So I think that's right, and I think people are realizing that. You don't want to fall into war. What's the goal? What's the mission? And the mission is to get Hamas leadership, does it have to be an indiscriminate air campaign or even land campaign? And I do think military leaders in Israel are also recognizing like, yeah, Gaza is four miles wide. The people can hide, in very dense populations, couple hundred miles of tunnels. This is not going to be easy. Israel can cause pain easily, but the idea that this is obvious and obviously at no cost to Israel is just ridiculous and shameful for US leaders to say so. I mean critics of Biden to say so.

Stewart: So, at the risk of trying to do the most difficult segue in ever, I want to talk about why we originally connected, which is climate and insurance. And you wrote a wonderful article in The Atlantic talking about some very important issues. And I have some things to just discuss there as well.
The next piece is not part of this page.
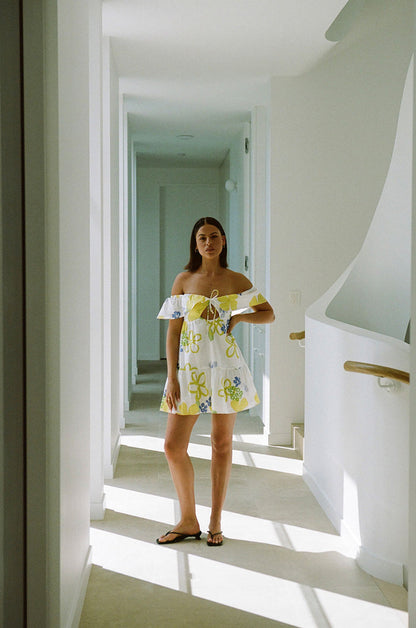 SAMPLE-Siara Babydoll Dress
And I'm mindful of the time that we've got together and so forth, but how is the increasing frequency and severity of climate-related disasters, wildfires, mudslides, et cetera, affecting the decision making process of insurance companies regarding coverage and premiums in the high risk areas that you pointed out, in the Sierra Foothills as an example? Can you talk a little bit about that?

Juliette: Yeah. No, so this piece came to me... So I'll tell your listeners, so I'm a disaster management person, crisis management, and I always say I'm a consumer of intelligence, whether it's terrorism or climate or whatever. But obviously because of that, I've just spent a lot of time in the climate space and had been hearing about insurance and whatever. And then there were the big stories this summer about California or this spring and thought, "What's interesting about insurance," which I'm sure you find it is, "it's like this invisible hand that causes us, as individuals, to make all sorts of decisions or as a society," but we're not really talking about it as such. And in this way, it's very similar to credit rating that we've come to understand that how we decide to give people credit ratings has an impact on their ability to get cars or houses or whatever else. But we don't talk about it that way, we just sort of... We don't see it that way. We don't see its impact.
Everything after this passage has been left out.